Shane Hanlon: Okay. I need to know. I need to know what the bloop is.
Nanci Bompey: Well, let’s Google it.
Shane Hanlon: Are we going to Google it?
Nanci Bompey: Okay. I Googled it.
Shane Hanlon: All right. What do we got?
Nanci Bompey: I googled it. Here’s the bloop.
Shane Hanlon: Oh, what is that?
Nanci Bompey: That’s a bloop.
Shane Hanlon: Oh man. It’s like, it’s like the… It’s like the Loch Ness monster bloop.
Nanci Bompey: I love how people, I think there was like a whole, you know, there was a lot of, there was a lot of conspiracy around this bloop, but I guess they- I’m reading here, they actually, it was an iceberg cracking, they think. So that’s what they-
Shane Hanlon: Oh, that’s like a, that’s like with a whimper and not a roar type deal.
Nanci Bompey: Yeah. Anyway, very interesting. I love the bloop.
Shane Hanlon: I like the bloop.
Nanci Bompey: So I know you guys went out to, you’ve done really deep stuff. That’s what we’ve kind of … Yeah. So where, where is the- I mean, what was the deepest stuff that you’ve done or what’s the stuff that you’ve been doing recently in the deep?
Bob Dziak: We worked in Challenger Deep, which is in the Mariana Trench, near Guam and the Mariana Islands. It’s the deepest spot in the global oceans, and I discovered through my research that no one had ever made a sound recording down there. Way back, there was one short one that was made during the epic dive with the Trieste, which is a bathyscaphe submarine, that was in the 1960s, Jean Picard did. But it wasn’t a modern digital record. So we built a special hydrophone mooring and put in a special pressure case, that could withstand those huge amounts of pressures, and deployed it in the Challenger Deep, and it worked successfully.
Nanci Bompey: And how deep is the Challenger Deep?
Bob Dziak: It’s 11 kilometers or 36,000 feet, or about seven miles.
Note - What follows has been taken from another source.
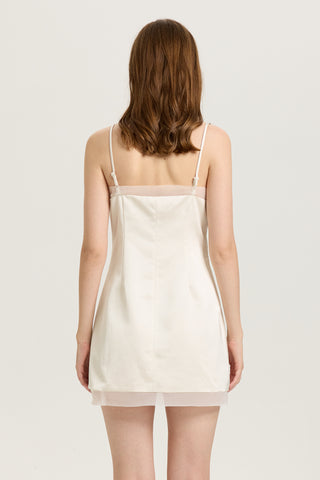 Sheer Trim Satin Mini Dress with Rose Embellishment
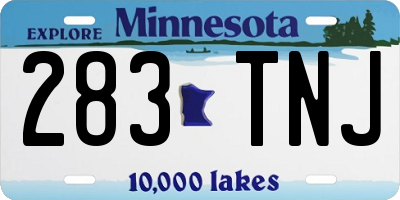 MN license plate 283TNJ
Nanci Bompey: Seven miles? Oh Wow.
Bob Dziak: So it’s deep, deep, deep.
Nanci Bompey: So what are these hydrophones that you have to design? You said you have to design, kind of a special- you have to design a special hydrophone or you can use just a regular? Or what are these- and do you build the hydrophones yourself or do you buy them or?
Bob Dziak: We do. That was our, our big- we’ve been a program for about 20 years, and back then we had to develop these hydrophones because nothing existed commercially. And then our very talented engineer, named Haru Matsumoto, built a portable, we call it autonomous, but a portable hydrophone that essentially is just an underwater microphone. It’s a ceramic element so it can withstand all that crushing water pressure. But it has to be in a case, a pressure case. And so they’re- we make them out of titanium typically because it withstands all that intense squeezing and that’s it.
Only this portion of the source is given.